Mentioned in a blog post today by Flurry, three percent of consumers spend money within free games on mobile platforms and shell out an average of $14 per transaction. Seventy one percent of these transactions are under $10 in cost, 16 percent are between $10 to $20 and 13 percent are over $20. The average of $14 per transaction is elevated due to 5 percent of these gamers spending at least $50 a transaction. In addition, a 99-cent transaction occurs only two percent of the time while the most common transaction is at the $9.99 level.
Over half of the revenue generated from freemium games comes from the top price bucket upwards of $100. About 30 percent of revenue comes from people spending less than $10 a transaction. Flurry also estimated that gaming on Android and iOS account for 34 percent of the U.S. handheld gaming market in 2010, up from 1% in 2008. Nintendo’s share of U.S. handhelds dropped from 75 percent to 57 percent in the same time period and the tepid response to the 3DS in the U.S. market certainly hasn’t helped. The remaining 9 percent of the handheld market is attributed to the Sony PlayStation Portable and other miscellaneous handheld gaming devices.

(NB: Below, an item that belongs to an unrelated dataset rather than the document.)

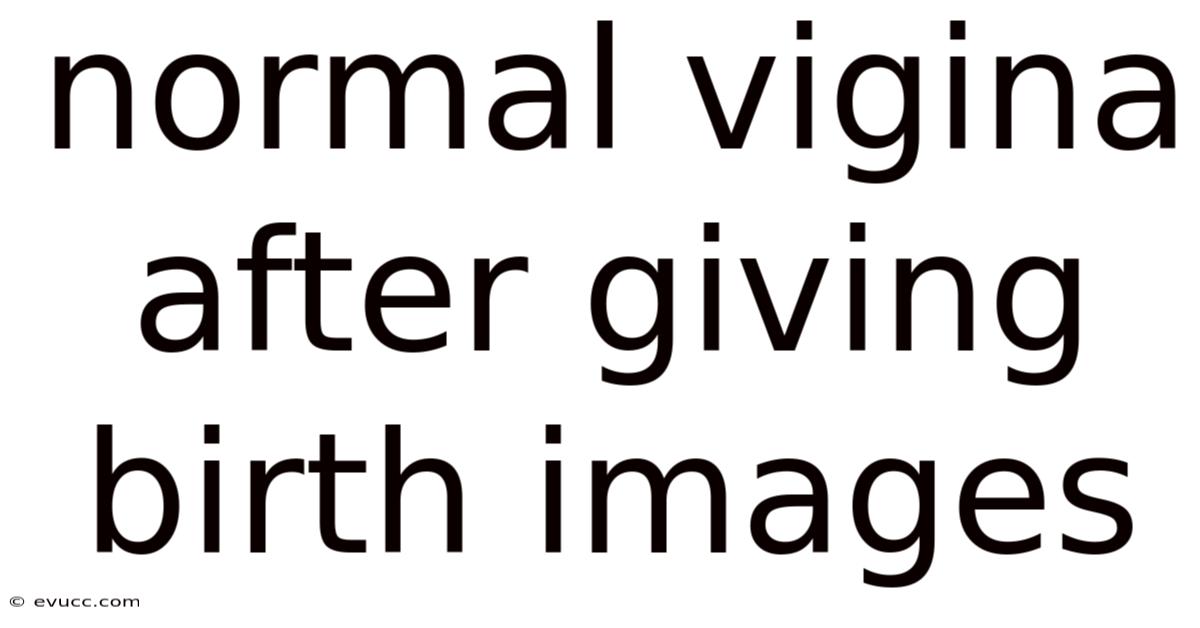 Normal Vigina After Giving Birth Images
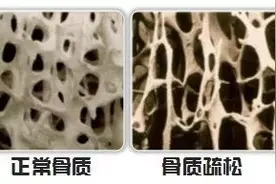 预防骨质疏松，这几点请记住图片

In an earlier report, Flurry also found that 65 percent of the games of the top 100 grossing iOS games used the freemium model. U.S. iOS and Android game revenue is expected to top $1 billion by the end of 2011, according to Flurry. Apple takes 30 percent of the revenue generated by free-to-play games and is making sure that gamer developers continue to route purchases through Apple servers after today’s announcement. While it would be difficult for a game developer to get around Apple’s policy and disadvantageous to promote games without the Apple App Store, news organizations and other content providers can utilize HTML5 to produce an Apple friendly version of the content for Web users.